This report was published almost two years ago, however I am posting it here to remind all of us to pay attention to the long term loss we are going to face if we are not going to change our pace and priorities about disability in Pakistan.
Things are being announced, institutes are being set up all over Punjab and KPK, but we still have to see the difference , we see more disabled in streets than in school and work place, time for inclusion is here and we can’t afford to have a crippled future.
A new report has revealed that Pakistan could be losing 6.3% of its GDP due to the exclusion of persons with disabilities (PwDs). If this continues, the economic cost of exclusion is estimated at USD $33 million per day, every day.
The research: ‘Moving from the Margins: Mainstreaming Persons with Disabilities in Pakistan’, produced for the British Council by the Economist Intelligence Unit, found that excluding PwDs leads to economic losses of as much as US$11.9bn to US$15.4bn in Pakistan, or 4.9% and 6.3% of the country’s GDP. By 2018 losses could be as high as US$21.4bn.

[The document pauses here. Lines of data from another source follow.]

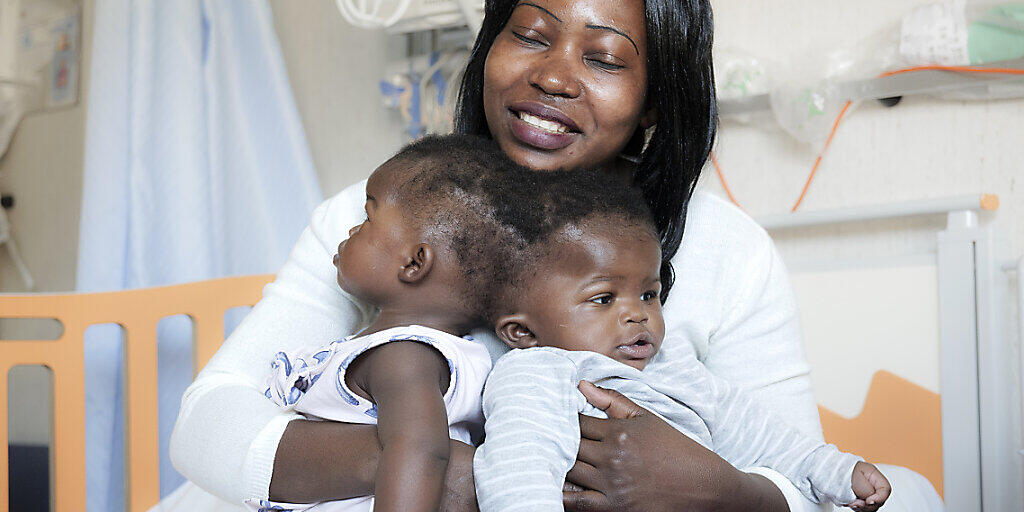 HANDOUT - Ihre Mutter hält die Zwillinge vor der Trennung im April 2019 auf dem Schoß. Italienischen Ärzten ist eine schwierige und seltene Operation zur Trennung von siamesischen Zwillingen gelungen. Foto: Ospedale Pediatrico Bambino Gesù/dpa - ACHTUNG: Nur zur redaktionellen Verwendung im Zusammenhang mit der aktuellen Berichterstattung und nur mit vollständiger Nennung des vorstehenden Credits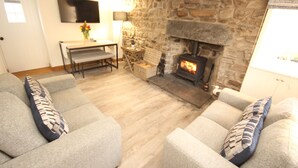 A cozy living room with a stone fireplace, grey sofas, and a flat-screen TV mounted on the wall. - Zen Cottage, Cullen - Sleeps 4, Garden & Pets Ok (Buckie)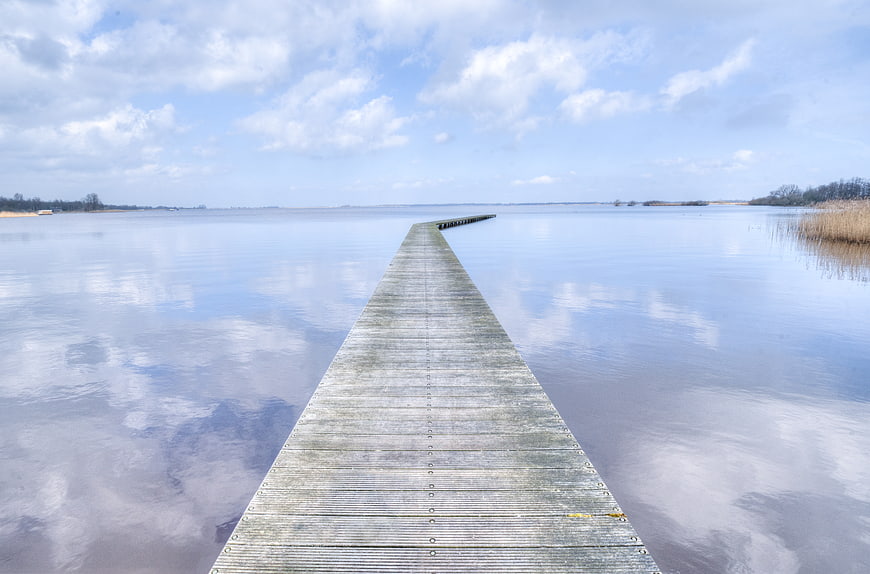 Serene wooden pier extending into calm blue water with sky reflections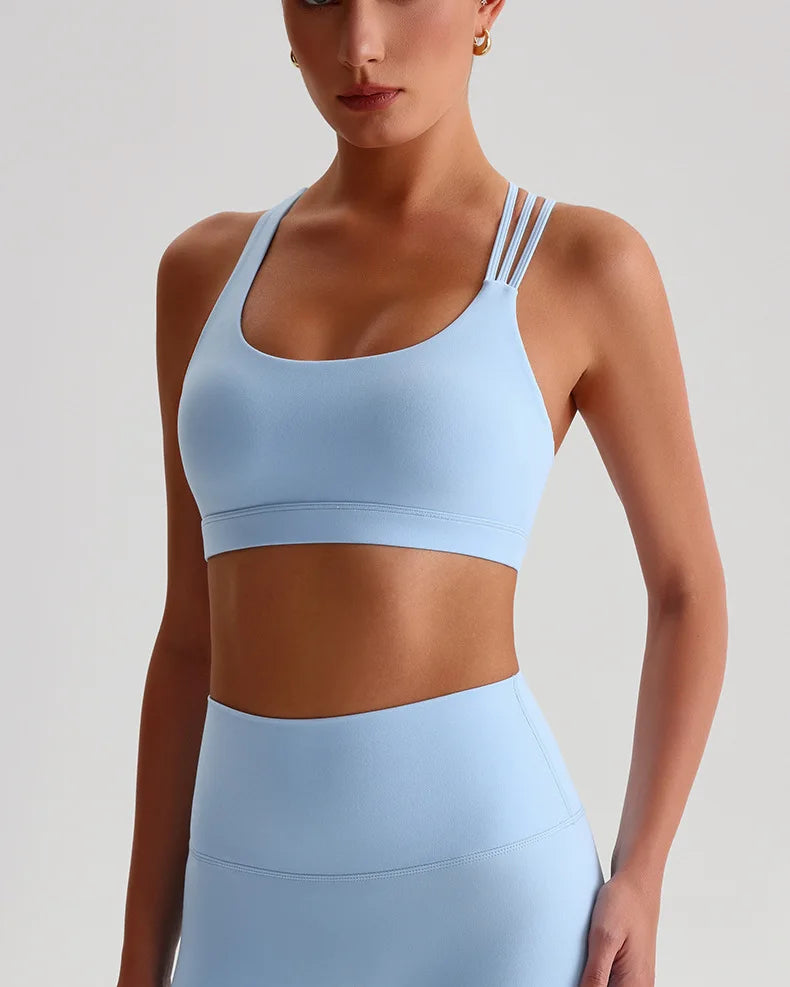 Unique strappy sports bra for women in light blue with stylish straps and comfortable fit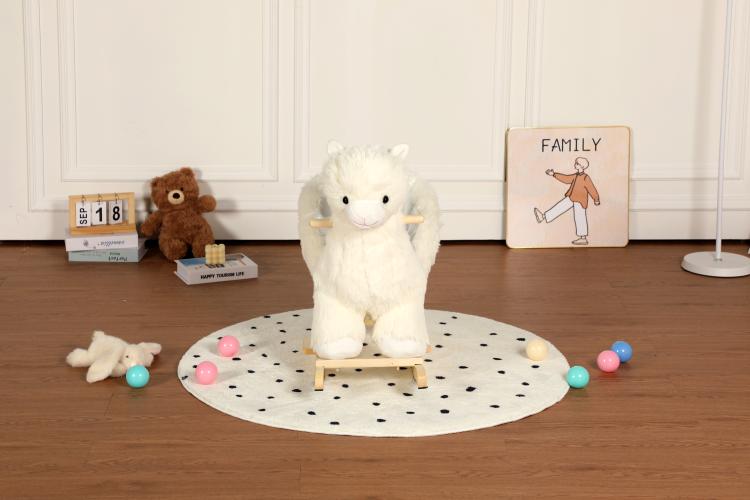 White plush alpaca rocking ride-on toy standing on wooden base on dotted mat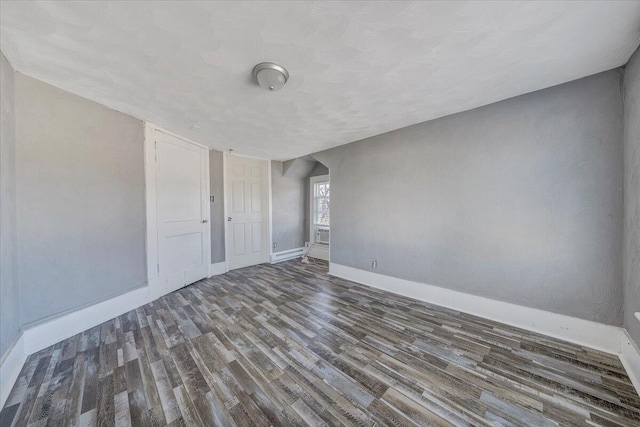 empty room with dark hardwood / wood-style flooring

With only 50,000 places available in schools for PwD, Pakistan’s special education provision is wholly inadequate and completely inaccessible for children in rural areas. Pakistan has 500-600 trained mental health professionals for a population of 186m. Although no accurate data exists on the number of PwDs in Pakistan, the World Health Organisation states that of 15% of the world’s population has some form of disability. Applied to Pakistan, this would mean approximately 27m people, larger than the combined population of Scandinavia.
Peter Upton, Director of the British Council in Pakistan said: “Every country needs to do more to support people with disabilities, but the findings of this research in to Pakistan are shocking. The cost to Pakistan of inaction is in excess of 33 million US dollars each day every day, is a loss of talent and a continuation of a cycle of poverty for those who are disabled.
“It is time make a call to action for policy makers, international non-governmental organisations and disabled peoples organisations to unite and form a coordinated, committed and integrated response to strengthen the legislation that recognises the rights of persons with disabilities. Together we can advocate for full inclusion and support legislation and implementation that can ensure every Pakistani citizen reaches their potential. It is time to stop the invisibility of those with disability.”
Abia Akram, Chairperson of the Pakistan National Forum of Women with Disabilities, said “I have worked in the disability sector since 1997 and I have a disability called Rickets. Parents are not sending them [persons with disabilities] to school because of the violation, harassment and things like that. In 2011 I got a Chevening Scholarship and went to the UK for my studies. I did my postgrad in disability, gender and international development at the University of Warwick. I came back in 2012 and established a global network of young women with disabilities.”
Dr Shahida Sajjad, dean, Faculty of Education, University of Karachi, said: “The most important barrier to persons with disabilities is attitudes. People feel sympathy towards them but do not want to understand their capabilities, and they can be given a job and do it well. Some companies hire a disabled person but tell them to sit at home and they’ll be paid a salary because the workplace lacks necessary facilities.”
‘Moving from the margins; Main streaming persons with disability in Pakistan’ was launched in Glasgow on the 29th of August. On September 2nd representatives of the UK Foreign and Commonwealth Office, the Department of International Development and many NGOs, academics and disabled persons organisations will join a policy round table at the British Council’s head office in London to continue the discussion which arose from the launch, and focus the dialogue around actions. Prof Michael Stein, Executive Director of the Harvard Law School Project on Disability will make the keynote address.